§ **Work request**: Look through the records below and collect all lines that hold the string "Designer".

§ **Data supplied**:
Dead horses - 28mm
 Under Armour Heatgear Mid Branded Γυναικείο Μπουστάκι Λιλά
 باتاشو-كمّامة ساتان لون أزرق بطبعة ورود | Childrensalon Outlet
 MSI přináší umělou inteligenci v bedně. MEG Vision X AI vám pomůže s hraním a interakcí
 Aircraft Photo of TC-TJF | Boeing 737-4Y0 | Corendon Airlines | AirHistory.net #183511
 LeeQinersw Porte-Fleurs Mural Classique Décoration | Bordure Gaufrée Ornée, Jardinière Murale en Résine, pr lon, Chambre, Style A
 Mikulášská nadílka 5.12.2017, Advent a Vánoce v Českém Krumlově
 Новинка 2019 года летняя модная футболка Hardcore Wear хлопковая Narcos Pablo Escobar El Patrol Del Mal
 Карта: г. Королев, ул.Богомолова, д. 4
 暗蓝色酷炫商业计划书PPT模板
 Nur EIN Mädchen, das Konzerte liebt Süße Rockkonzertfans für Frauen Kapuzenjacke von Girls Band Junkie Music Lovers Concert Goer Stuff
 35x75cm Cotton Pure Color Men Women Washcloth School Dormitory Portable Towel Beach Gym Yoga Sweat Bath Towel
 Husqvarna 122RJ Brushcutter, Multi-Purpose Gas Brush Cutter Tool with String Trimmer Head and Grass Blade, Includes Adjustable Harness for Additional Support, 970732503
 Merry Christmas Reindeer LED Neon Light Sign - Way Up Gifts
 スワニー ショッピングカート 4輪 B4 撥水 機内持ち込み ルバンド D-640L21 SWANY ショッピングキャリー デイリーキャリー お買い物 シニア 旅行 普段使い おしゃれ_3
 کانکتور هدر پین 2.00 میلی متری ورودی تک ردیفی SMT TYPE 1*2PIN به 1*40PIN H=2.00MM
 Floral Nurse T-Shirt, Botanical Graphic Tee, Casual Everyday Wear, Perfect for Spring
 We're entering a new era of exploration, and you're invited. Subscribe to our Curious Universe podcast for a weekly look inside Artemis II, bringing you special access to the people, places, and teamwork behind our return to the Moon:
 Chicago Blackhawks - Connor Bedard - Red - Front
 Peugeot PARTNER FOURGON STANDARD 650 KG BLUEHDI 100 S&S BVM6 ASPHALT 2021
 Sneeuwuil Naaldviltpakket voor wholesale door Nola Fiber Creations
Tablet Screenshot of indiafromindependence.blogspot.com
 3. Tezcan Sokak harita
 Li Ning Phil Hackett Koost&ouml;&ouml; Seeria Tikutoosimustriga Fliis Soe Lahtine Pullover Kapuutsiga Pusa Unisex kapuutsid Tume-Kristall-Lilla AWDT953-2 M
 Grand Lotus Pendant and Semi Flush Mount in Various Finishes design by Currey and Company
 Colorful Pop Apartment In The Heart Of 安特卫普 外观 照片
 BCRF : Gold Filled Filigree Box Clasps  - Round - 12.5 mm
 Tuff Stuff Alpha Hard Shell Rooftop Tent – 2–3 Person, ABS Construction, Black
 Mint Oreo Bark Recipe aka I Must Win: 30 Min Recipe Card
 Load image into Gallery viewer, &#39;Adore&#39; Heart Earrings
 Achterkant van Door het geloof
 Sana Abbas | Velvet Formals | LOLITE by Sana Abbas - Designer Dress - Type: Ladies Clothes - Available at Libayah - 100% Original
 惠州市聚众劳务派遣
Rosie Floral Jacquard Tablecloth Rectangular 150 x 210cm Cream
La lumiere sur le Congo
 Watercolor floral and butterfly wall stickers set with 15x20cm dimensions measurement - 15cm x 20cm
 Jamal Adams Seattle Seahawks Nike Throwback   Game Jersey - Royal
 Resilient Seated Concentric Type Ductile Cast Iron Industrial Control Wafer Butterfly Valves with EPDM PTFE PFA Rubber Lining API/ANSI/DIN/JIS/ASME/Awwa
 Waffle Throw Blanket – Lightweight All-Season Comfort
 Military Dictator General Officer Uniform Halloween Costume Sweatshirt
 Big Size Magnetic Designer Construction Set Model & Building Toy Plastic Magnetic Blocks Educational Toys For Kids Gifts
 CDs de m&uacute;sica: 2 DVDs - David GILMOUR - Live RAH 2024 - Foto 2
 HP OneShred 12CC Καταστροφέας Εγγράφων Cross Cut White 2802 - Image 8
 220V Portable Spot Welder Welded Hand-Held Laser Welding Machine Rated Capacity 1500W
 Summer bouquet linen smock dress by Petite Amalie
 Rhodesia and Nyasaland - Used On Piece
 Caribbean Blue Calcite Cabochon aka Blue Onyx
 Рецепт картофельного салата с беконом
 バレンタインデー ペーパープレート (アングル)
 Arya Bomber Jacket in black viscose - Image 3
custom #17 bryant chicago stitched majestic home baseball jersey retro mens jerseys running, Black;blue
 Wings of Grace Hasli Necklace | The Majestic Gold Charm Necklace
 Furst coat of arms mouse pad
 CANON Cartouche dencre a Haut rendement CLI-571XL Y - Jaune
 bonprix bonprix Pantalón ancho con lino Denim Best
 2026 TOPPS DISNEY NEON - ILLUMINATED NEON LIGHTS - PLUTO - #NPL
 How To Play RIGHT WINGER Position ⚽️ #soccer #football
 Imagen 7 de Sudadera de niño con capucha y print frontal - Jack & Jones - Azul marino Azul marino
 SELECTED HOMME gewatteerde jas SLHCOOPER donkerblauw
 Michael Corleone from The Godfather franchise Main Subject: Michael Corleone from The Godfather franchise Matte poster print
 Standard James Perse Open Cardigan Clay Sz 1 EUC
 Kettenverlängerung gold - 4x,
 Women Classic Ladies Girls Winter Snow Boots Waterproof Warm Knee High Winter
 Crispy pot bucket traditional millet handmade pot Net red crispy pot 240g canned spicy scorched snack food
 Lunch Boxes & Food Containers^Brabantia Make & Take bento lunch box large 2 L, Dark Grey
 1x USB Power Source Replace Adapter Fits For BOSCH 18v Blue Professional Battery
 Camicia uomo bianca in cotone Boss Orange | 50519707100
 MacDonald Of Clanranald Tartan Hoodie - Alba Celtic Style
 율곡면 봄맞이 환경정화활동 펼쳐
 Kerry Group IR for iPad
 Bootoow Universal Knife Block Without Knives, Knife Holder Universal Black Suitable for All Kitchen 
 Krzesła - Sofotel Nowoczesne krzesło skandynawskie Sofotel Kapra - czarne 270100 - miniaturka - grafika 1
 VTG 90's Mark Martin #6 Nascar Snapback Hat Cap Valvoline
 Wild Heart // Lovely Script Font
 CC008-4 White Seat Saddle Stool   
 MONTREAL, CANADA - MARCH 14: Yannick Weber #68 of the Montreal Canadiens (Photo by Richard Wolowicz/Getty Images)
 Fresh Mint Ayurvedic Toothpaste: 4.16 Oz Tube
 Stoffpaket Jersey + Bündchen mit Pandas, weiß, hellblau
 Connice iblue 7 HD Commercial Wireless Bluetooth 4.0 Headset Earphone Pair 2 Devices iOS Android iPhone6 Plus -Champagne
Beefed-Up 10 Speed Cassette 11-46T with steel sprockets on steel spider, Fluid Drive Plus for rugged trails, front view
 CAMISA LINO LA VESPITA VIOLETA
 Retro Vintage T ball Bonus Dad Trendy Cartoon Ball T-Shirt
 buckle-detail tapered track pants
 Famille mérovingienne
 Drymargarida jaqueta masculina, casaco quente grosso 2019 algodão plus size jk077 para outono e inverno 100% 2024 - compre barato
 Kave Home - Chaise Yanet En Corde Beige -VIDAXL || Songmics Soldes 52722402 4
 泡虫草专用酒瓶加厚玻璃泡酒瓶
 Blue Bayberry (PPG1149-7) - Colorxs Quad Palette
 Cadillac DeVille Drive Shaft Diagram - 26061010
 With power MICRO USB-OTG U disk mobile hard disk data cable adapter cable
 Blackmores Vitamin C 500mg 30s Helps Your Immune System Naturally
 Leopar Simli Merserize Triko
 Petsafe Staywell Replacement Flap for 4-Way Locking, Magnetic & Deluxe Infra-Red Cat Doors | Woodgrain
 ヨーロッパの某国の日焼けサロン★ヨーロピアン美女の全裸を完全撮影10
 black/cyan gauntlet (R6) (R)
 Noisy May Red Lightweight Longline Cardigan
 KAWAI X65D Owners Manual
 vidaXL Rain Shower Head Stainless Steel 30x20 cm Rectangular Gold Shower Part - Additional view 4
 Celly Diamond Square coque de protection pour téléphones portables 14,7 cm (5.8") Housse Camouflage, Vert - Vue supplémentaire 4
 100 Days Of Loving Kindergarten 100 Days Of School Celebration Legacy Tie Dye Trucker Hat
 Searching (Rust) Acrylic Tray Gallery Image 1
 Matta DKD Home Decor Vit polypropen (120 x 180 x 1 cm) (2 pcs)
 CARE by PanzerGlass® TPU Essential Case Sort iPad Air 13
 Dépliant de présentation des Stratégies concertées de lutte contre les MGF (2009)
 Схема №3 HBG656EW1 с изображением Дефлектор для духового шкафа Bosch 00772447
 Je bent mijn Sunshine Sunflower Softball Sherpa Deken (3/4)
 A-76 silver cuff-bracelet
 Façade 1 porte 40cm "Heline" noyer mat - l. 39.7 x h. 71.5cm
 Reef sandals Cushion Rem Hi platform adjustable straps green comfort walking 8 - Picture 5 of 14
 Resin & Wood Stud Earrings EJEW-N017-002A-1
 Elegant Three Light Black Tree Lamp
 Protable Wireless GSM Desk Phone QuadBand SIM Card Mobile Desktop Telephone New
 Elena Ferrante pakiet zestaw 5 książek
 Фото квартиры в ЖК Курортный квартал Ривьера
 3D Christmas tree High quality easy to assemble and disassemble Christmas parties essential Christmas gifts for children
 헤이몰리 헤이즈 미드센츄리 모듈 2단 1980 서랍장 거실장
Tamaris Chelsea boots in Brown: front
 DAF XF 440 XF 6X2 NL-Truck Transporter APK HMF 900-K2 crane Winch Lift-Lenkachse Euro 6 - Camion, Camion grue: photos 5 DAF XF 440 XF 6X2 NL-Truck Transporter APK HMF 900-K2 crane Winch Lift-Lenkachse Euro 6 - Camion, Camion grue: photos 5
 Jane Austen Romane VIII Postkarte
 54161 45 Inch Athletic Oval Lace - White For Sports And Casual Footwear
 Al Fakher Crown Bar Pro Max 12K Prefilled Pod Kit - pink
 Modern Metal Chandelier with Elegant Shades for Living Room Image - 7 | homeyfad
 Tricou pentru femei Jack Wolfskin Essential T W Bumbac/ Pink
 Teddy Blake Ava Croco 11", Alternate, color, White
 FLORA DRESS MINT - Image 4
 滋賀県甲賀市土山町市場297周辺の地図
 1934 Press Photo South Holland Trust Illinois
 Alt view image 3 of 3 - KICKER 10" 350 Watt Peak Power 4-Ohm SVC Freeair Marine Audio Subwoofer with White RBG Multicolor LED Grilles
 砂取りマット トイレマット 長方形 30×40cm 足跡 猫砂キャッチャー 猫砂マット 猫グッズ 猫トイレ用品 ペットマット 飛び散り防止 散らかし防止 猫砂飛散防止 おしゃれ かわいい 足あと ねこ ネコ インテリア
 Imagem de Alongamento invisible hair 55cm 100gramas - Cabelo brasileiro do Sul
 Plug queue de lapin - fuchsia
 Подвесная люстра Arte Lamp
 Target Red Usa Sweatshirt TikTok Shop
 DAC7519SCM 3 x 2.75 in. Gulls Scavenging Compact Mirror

§ **Written answer**:
 Sana Abbas | Velvet Formals | LOLITE by Sana Abbas - Designer Dress - Type: Ladies Clothes - Available at Libayah - 100% Original
 Big Size Magnetic Designer Construction Set Model & Building Toy Plastic Magnetic Blocks Educational Toys For Kids Gifts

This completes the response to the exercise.